[Python-bugs-list] [ python-Bugs-680789 ] repr() of large array objects takes quadratic time

SourceForge.net noreply@sourceforge.net
Thu, 06 Feb 2003 17:40:41 -0800


Bugs item #680789, was opened at 2003-02-05 06:00
You can respond by visiting: 
https://sourceforge.net/tracker/?func=detail&atid=105470&aid=680789&group_id=5470

Category: Python Library
Group: Python 2.2
Status: Open
Resolution: None
Priority: 5
Submitted By: Jurjen N.E. Bos (jneb)
>Assigned to: Nobody/Anonymous (nobody)
Summary: repr() of large array objects takes quadratic time

Initial Comment:
This is a bug and a partial patch.

If I debug a program that contains a ridiculously large array (8M entries in my case), the debugger takes forever.
It happens in Mac OS X, Python 2.2, but I found the bug in is the repr module, so it is probably universal.
The thing is, that after the fix below, it still doesn't work!
Did I miss something trivial (like repr is builtin, or something like that?). Would someone with Mac OS X experience help out here, please (Jack?).

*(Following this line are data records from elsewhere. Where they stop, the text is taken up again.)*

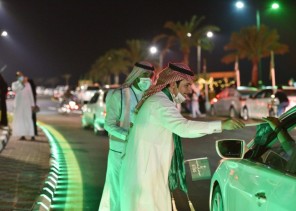 احتفالات اليوم الوطني الـ 90 تجذب زوار الواجهة البحرية في القطيف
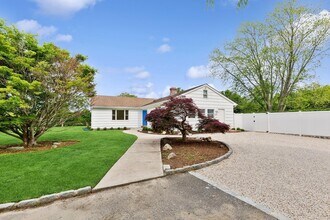 22950 Main Rd in Orient, NY - Building Photo - Building Photo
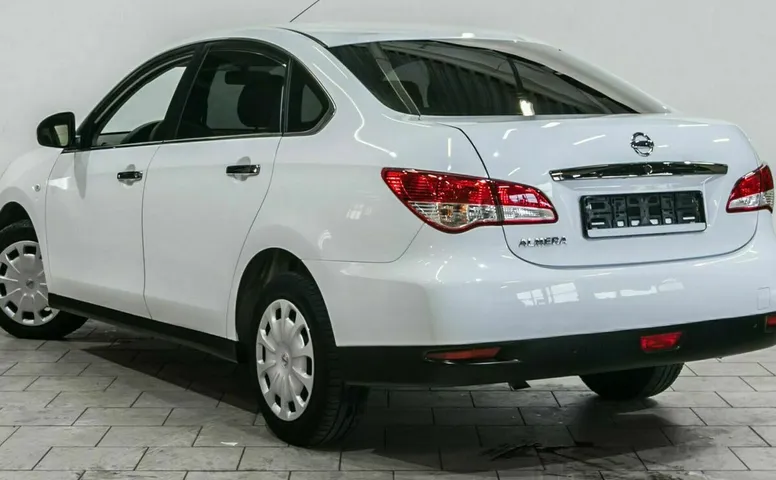Nissan almera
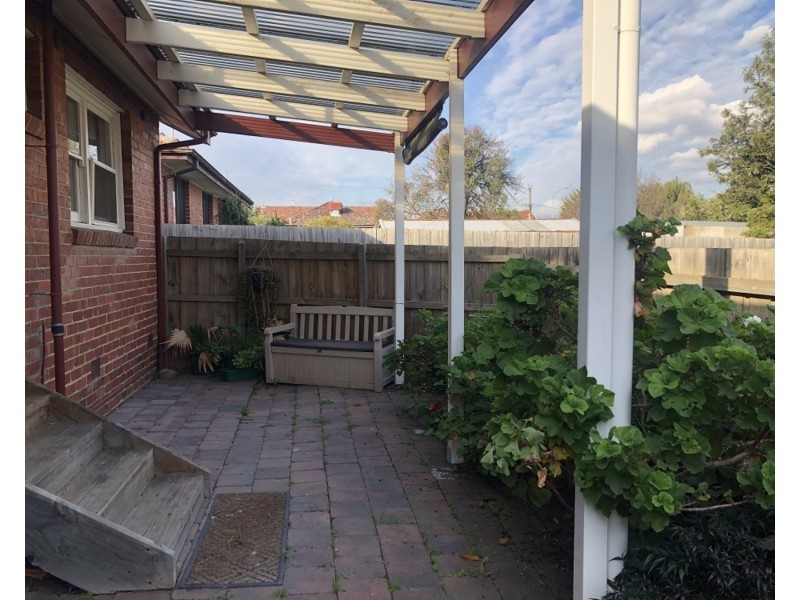 9 Fox Court, Jacana VIC 3047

Here's the diff to make repr.repr work with large arrays:
13a14
>       self.maxarray = 5
50a52,62
>     def repr_array(self, x, level):
>         n = len(x)
>       header = "array('"+x.typecode+"', ["
>         if n == 0: return header+"])"
>         if level <= 0: return header+"...])"
>         s = ''
>         for i in range(min(n, self.maxarray)):
>             if s: s = s + ', '
>             s = s + self.repr1(x[i], level-1)
>         if n > self.maxarray: s = s + ', ...'
>         return header + s + "])"

----------------------------------------------------------------------

>Comment By: Tim Peters (tim_one)
Date: 2003-02-06 20:40

Message:
Logged In: YES 
user_id=31435

I can't make time for this, so unassigned it.  It would make 
a good, brief project for someone -- the list and dict 
tp_reprs are linear-time, and tp_repr for array.array 
objects shouldn't be any harder than they were.

----------------------------------------------------------------------

Comment By: Jack Jansen (jackjansen)
Date: 2003-02-06 16:37

Message:
Logged In: YES 
user_id=45365

Okay, so the real bug is that tp_repr of array objects takes quadratic time.

I'm changing the summary of this report then, and assigning back to you (Tim), on the basis that you did more checkins on arraymodule than I did. Feel free to pass the potato on:-)

----------------------------------------------------------------------

Comment By: Tim Peters (tim_one)
Date: 2003-02-05 18:08

Message:
Logged In: YES 
user_id=31435

pdb does import repr.py, but probably doesn't use it in 
whatever way Jurjen is using to display his big array.

WRT that, note that Jurjen is using array.array objects, not 
lists.  The internal array.array tp_repr slot is quadratic-time in 
the size of the array, while list's tp_repr is linear time.

----------------------------------------------------------------------

Comment By: Jack Jansen (jackjansen)
Date: 2003-02-05 17:40

Message:
Logged In: YES 
user_id=45365

The fix is fine (it works for me the same way as for Tim), but I think we're shooting past the problem here.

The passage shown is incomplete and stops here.